Menhan Akhirnya Beberkan Dokumen Rahasia Pembelian 500 Senjata
"Tinggal masalah komunikasi saja," ujar Ryamizard saat ditemui di Kementerian Pertahanan, Jakarta Pusat, Selasa (26/9/2017).
TRIBUNSOLO.COM, JAKARTA - Menteri Pertahanan Ryamizard Ryacudu menegaskan bahwa Badan Intelijen Negara (BIN) memang membeli 500 pucuk senjata api dari PT Pindad.
Ryamizard pun menunjukkan lampiran berkas dokumen izin pembelian senjata api yang dikirimkan ke Kementerian Pertahanan pada Mei 2017.
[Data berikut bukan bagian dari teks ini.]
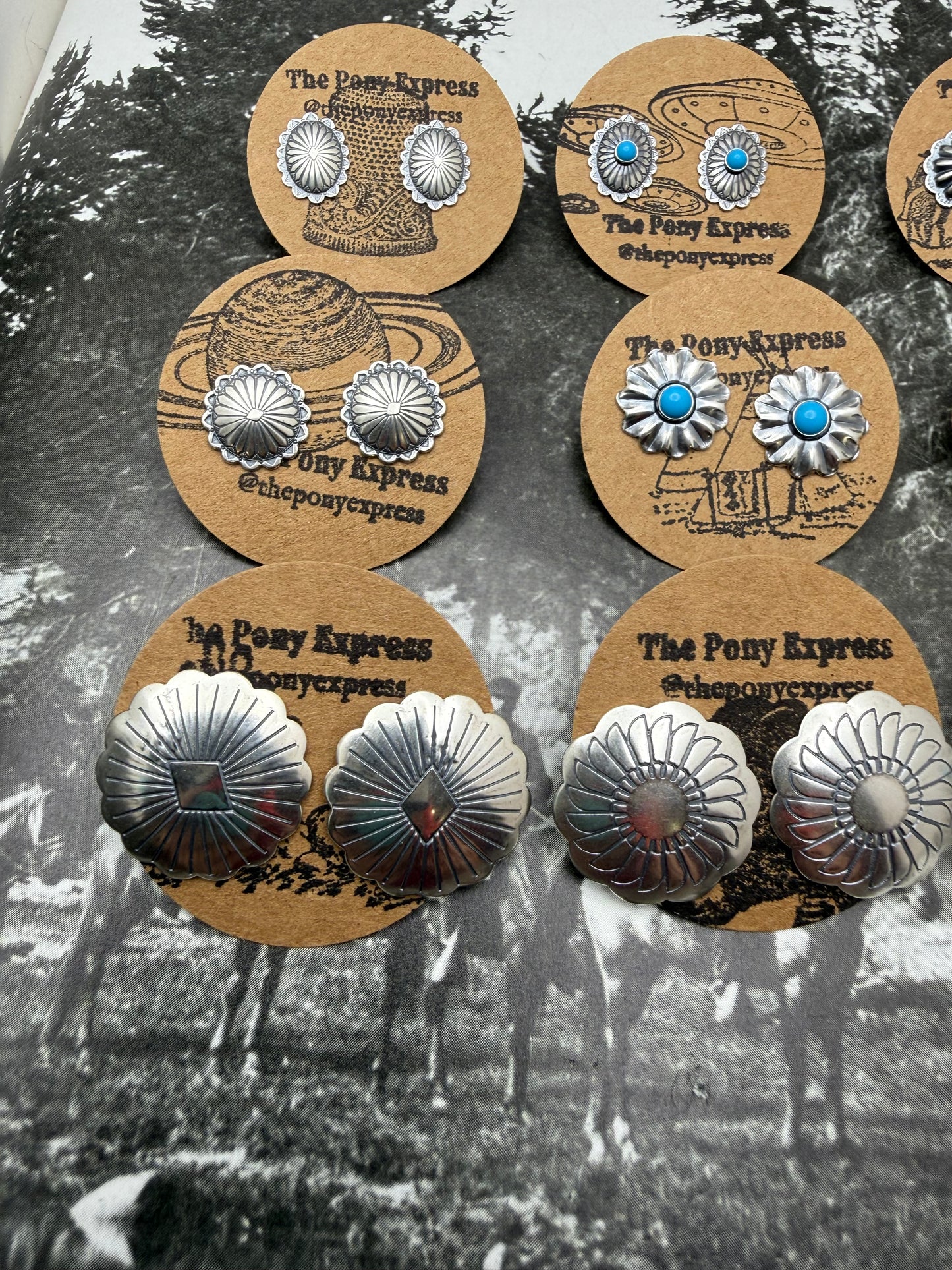 Conchito Sterling Silver Studs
"Ini ada soal pembeliannya, Mei 2017 yang tanda tangan Wakil Kepala BIN."
"Pembelian ini sudah atas izin menhan jadi tidak ada masalah."
"Tinggal masalah komunikasi saja," ujar Ryamizard saat ditemui di Kementerian Pertahanan, Jakarta Pusat, Selasa (26/9/2017).
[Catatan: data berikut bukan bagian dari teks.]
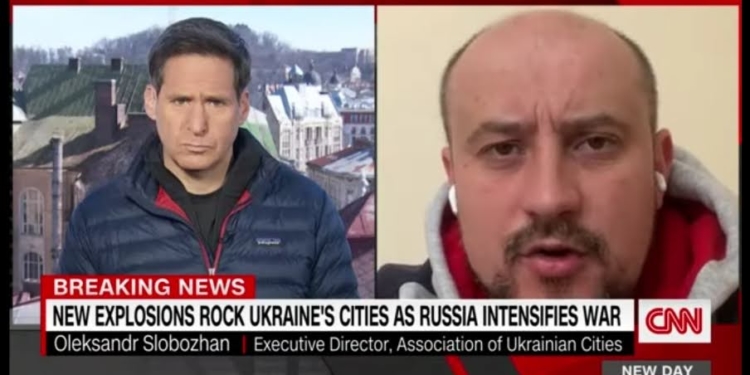 Агресор відповість за руйнування українських міст, селищ, сіл – Олександр Слобожан в ефірі CNN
Baca: Soal Mekanisme Pembelian Senjata Non Militer, Begini Penjelasan Polri
"Soal senjata saya rasa itu tidak ada masalah karena berdasarkan UU, pembelian senjata atau menjual senjata ataupun alat pertahanan keamanan itu harus disetujui oleh Menhan."
"TNI, Polisi, Bakamla, Kemenkumhan dan Bea Cukai, bahkan Kementerian Kehutanan itu harus mintanya ke Menteri Pertahanan," tambah Ryamizard.

Dalam surat berkop resmi Badan Intelijen Negara dan berklasifikasi rahasia tersebut, Ryamizard menunjukkan permohonan izin pembelian senjata SS2-V2 kaliber 5,56 x 45 mm sebanyak 521 pucuk buatan PT Pindad.
Selain itu, BIN juga mengajukan permohonan pembelian amunisi tajam sebanyak 72.750 butir.
Dalam keterangannya, pihak BIN menyebut seluruh senjata akan digunakan dalam mendukung kegiatan latihan taruna dan taruni Sekolah Tinggi Intelijen Negara (STIN).
Baca: Soal Polemik Pembelian 5.000 Senjata, Wiranto Sanggah Pernyataan Gatot Nurmantyo
Selain ditujukan kepada Menteri Pertahanan, surat permohonan itu juga dikirimkan kepada Panglima TNI.
Ryamizard menjelaskan bahwa keputusan untuk menunjukkan dokumen rahasia pembelian senjata itu bukan bermaksud untuk memanaskan situasi saat ini, melainkan memperjelas terkait ramainya polemik soal pembelian senjata.
Sebagai Menteri Pertahanan, Ryamizard merasa bertanggungjawab agar tidak terjadi lagi kesalahan komunikasi antarinstitusi negara.